Of the 1.8 million homes in the nine counties declared a disaster area, in Florida in the wake of Hurricane Ian only 29% have federal flood insurance (Politico). Flooding is never covered by homeowner’s insurance. So those who can’t afford to buy flood insurance, or just didn’t buy it, will now be further down the rabbit hole of poverty and homelessness.
Florida keeps growing right in the pathway of storms which are guaranteed to keep getting more frequent and stronger in light of our continued fueling of the fires of climate change. So where do you put 3 million new residents who moved to Florida just since 2010? You put them in danger. You put them in the pathways of storms then make the lame effort of telling its growing millions to just evacuate, when radar indicates, on one of Florida’s only 4 major highways. Getting behind a moratorium on growth would show great leadership and foresight and help Floridians tremendously, but developers don’t donate to those kinds of leaders which are nowhere to be found these days.

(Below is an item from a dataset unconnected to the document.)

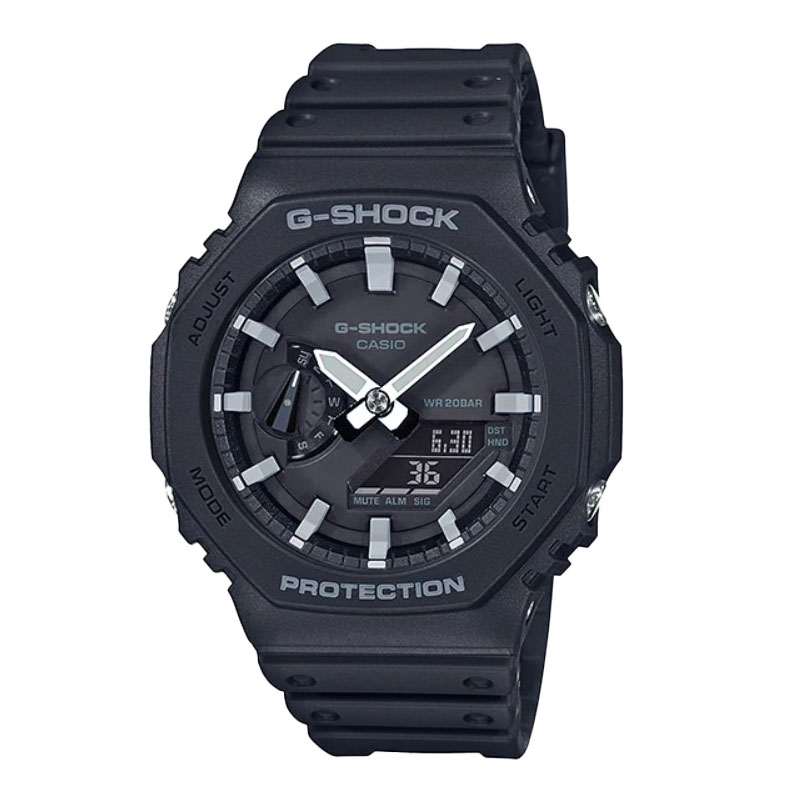 CASIO G-SHOCK GA-2100-1ADR MENS SPORTS WATCH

Our corporate funded growth-based world has a great track record of ignoring the interface of population growth and climate disasters. Climate prediction maps are disturbingly clear, Tampa will become the new Miami in the not-so-distant future, some say by 2060. Even though we know Miami will become a fancy underwater park as oceans rise, real estate developers are still on the prowl. I first went to Miami in 1964 when its population was just over 1.6 million. It is now still growing at over 6 million. Water is already threatening the water supply of Dade County. The intrusion of saltwater into their shallow aquifers began when the Everglades were drained to provide dry land for development, another human created disaster by our addiction to growth.

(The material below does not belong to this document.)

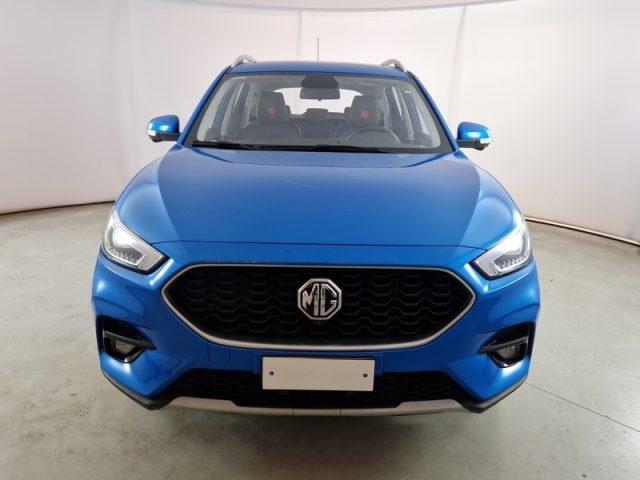 MG ZS 1.0T-GDI Luxury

Population growth in Florida is mostly a combination of migration from other states, and both legal and illegal migration from other countries. Stopping growth in from all of its sources is called for and can only happen when we can see that it is a self-destructive journey, like welcoming gasoline to a fire.

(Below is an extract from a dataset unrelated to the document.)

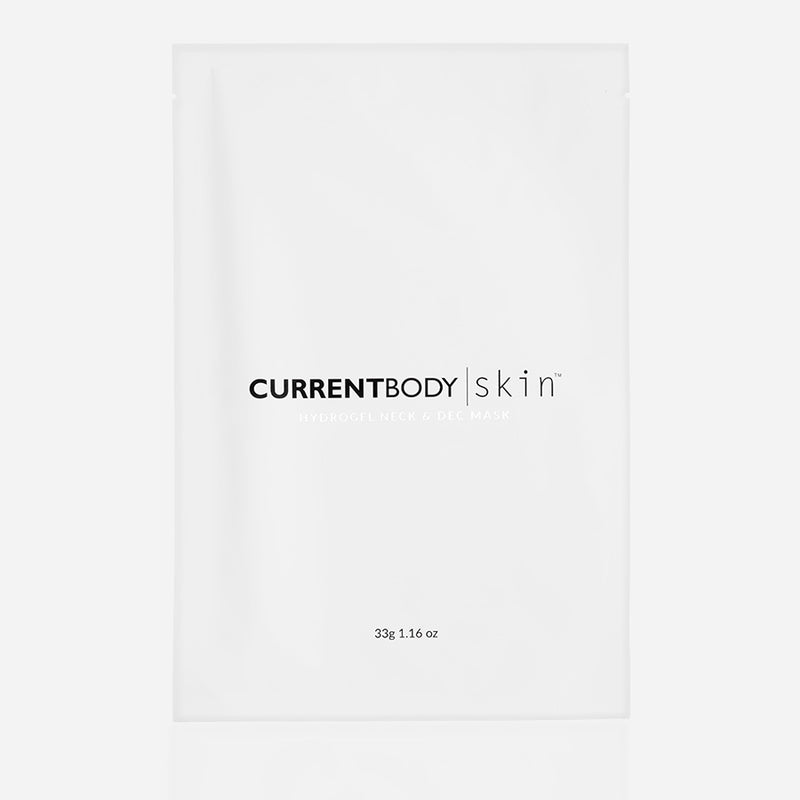 CurrentBody Skin 水凝膠胸頸保濕膜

If insurance companies were in the business of really helping people, they would become major underwriters of population NGO’s. They would save money in the long run and could help fund getting the message out which is well documented: when you keep growing and building homes in a state subject to storms in our climate altered world you are asking for even more costly disasters. This full disclosure should be required on all Florida brochures: 22 million people are already crammed into our 65,758 square miles of sinking swampland. Since we also live in a world of dangerous climate change and its ever violent storms, we are sorry, but we are full. Adding more growth to our state, from whatever source, is as dangerous as being in the target of the next storm.